▸ AVAILABLE DATA:
------------------------------------------------------------------------

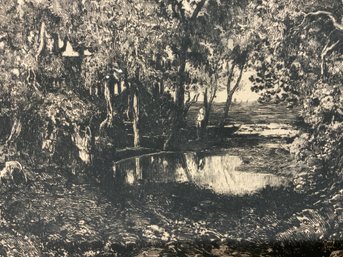 Antique Etching Unsigned Mystery Artist Scene Of Forlorn Woods Figure & Boat 19th Century Art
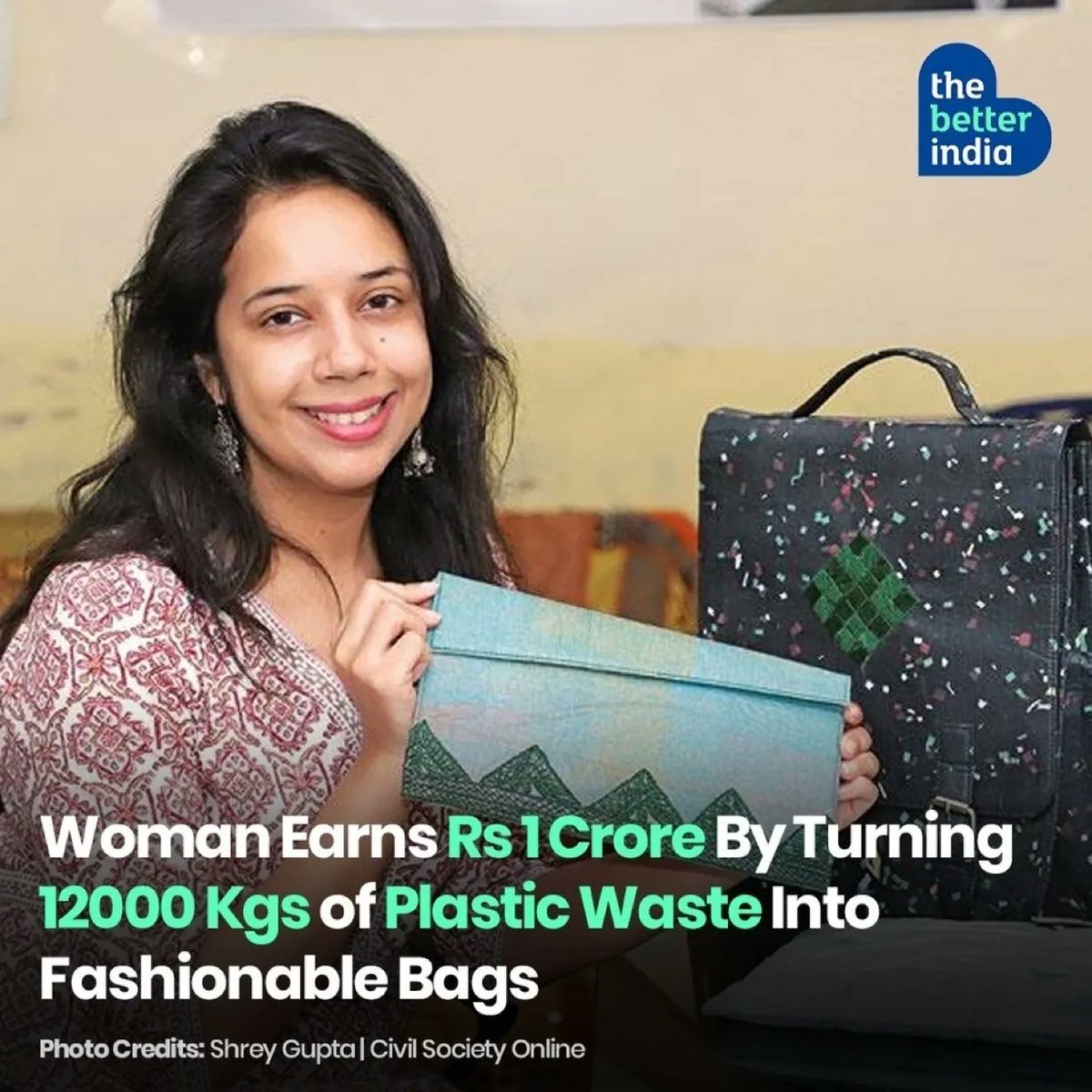 Well done! Delhi-based 🇮🇳 woman entrepreneur Kanika Ahuja launched Lifaffa to help upcycle plastic waste into bags, laptop sleeves, mats & fashion accessories so that it doesn’t end up in landfills & has been able to convert 12,000 kgs of plastic into upcycled products.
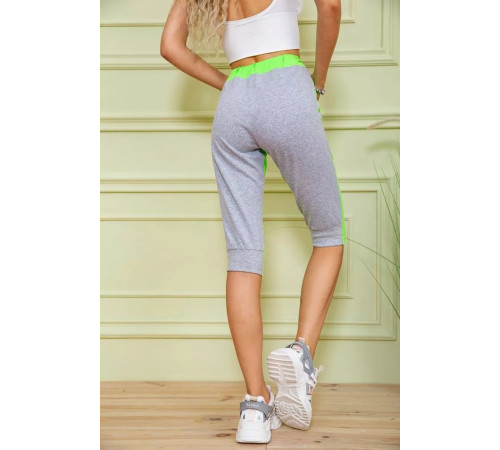 Женские шорты на резинке и завязках, серо-салатового цвета, 167R2-5.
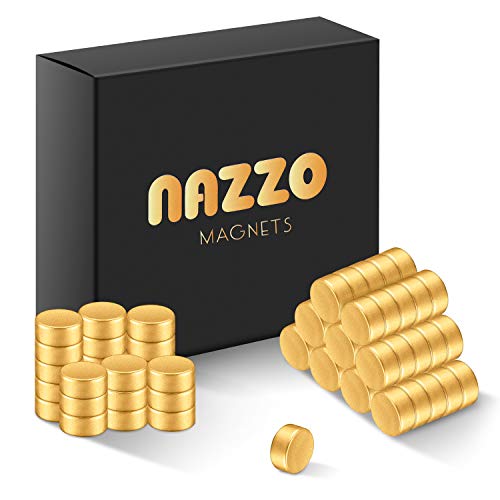 NAZZO Refrigerator Magnets, Round Button Whiteboard Magnets, Neodymium Magnets for Office, Hobbies, Crafts and Science, 6×3mm 70Pcs Small Magnets, Gold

------------------------------------------------------------------------

▸ WHAT YOU NEED TO DO:
Everything from the first line of the listing above through the line that contains "Женские шорты на" is to be restated word for word, minus the pictures.

▸ RESPONSE TO THE TASK:
 Antique Etching Unsigned Mystery Artist Scene Of Forlorn Woods Figure & Boat 19th Century Art
 Well done! Delhi-based 🇮🇳 woman entrepreneur Kanika Ahuja launched Lifaffa to help upcycle plastic waste into bags, laptop sleeves, mats & fashion accessories so that it doesn’t end up in landfills & has been able to convert 12,000 kgs of plastic into upcycled products.
 Женские шорты на резинке и завязках, серо-салатового цвета, 167R2-5.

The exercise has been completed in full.